Within the entries below, output exactly the lines between the line containing "May include: A" and the line containing "Man's hands working", inclusive, and omit any picture.

◆ EXTRACTED RECORDS ◆
◇ ◇ ◇ ◇ ◇
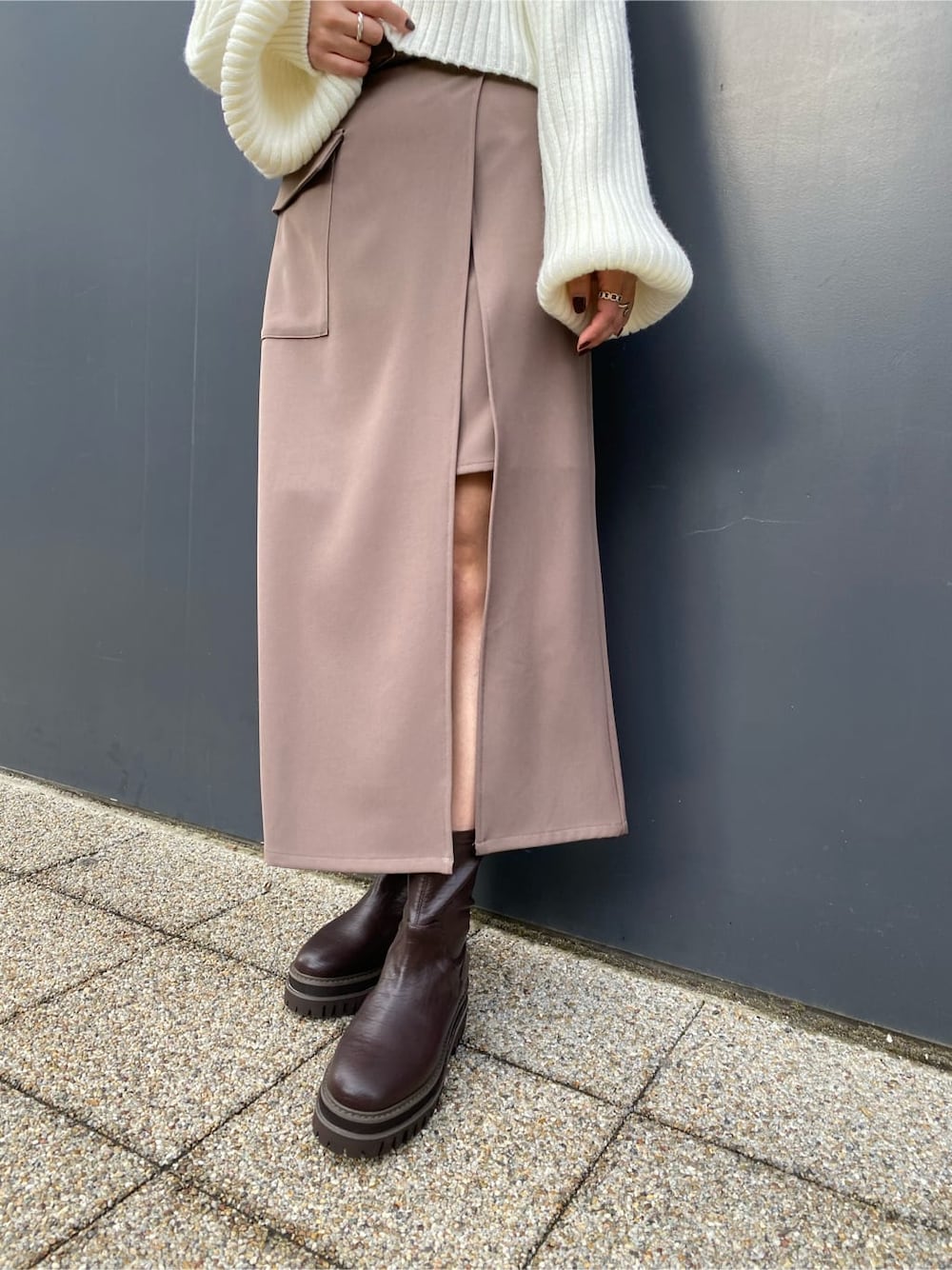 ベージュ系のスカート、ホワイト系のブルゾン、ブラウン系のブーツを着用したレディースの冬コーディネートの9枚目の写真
◇ ◇ ◇ ◇ ◇
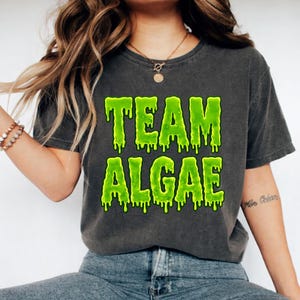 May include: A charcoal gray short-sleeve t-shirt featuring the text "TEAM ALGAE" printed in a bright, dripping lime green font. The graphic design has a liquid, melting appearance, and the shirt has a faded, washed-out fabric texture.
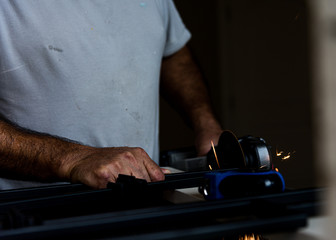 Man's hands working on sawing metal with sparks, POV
◇ ◇ ◇ ◇ ◇
◆ WRITTEN ANSWER ◆
 May include: A charcoal gray short-sleeve t-shirt featuring the text "TEAM ALGAE" printed in a bright, dripping lime green font. The graphic design has a liquid, melting appearance, and the shirt has a faded, washed-out fabric texture.
 Man's hands working on sawing metal with sparks, POV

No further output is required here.